No offense...but how do you know there wasn't enough crying to make any substantial changes? Cortisol levels skyrocket when an infant cries and cannot make any contact with the mother. SKYROCKETS. Night after night of extremely high cortisol levels -- or even just one night -- may be enough to cause some structural damage within the hippocampus. We don't know exactly in humans (but we do in nonhuman primates!!), that's what the study, and future studies, need to get at. But again, controlled studies have been done in nonhuman primates. And I'm sorry, you just can't dismiss that data.

This isn't something you can "see" by looking at the kids you know.

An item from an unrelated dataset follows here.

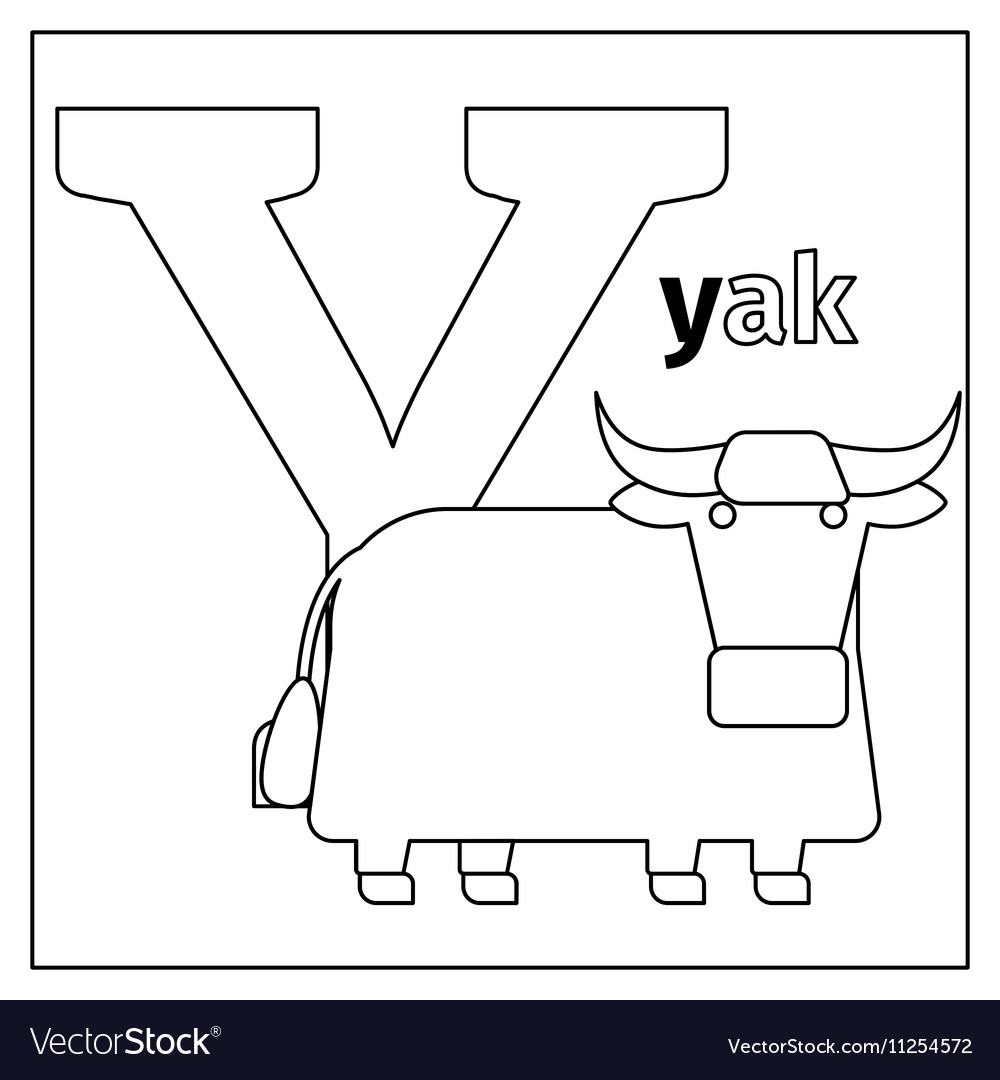 Yak letter y coloring page royalty free vector image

It would mean a higher susceptibility to a) psychological disorders such as despression, b) not being able to reach their full potential in the cogintion department, and/or c) being more susceptible to disease in general. You can't look at the kids and think that since they didn't sprout three heads, or that they don't look unhappy, that CIO seems to have not caused any damage. You have to look at their biology -- such as cortisol levels and brain structure.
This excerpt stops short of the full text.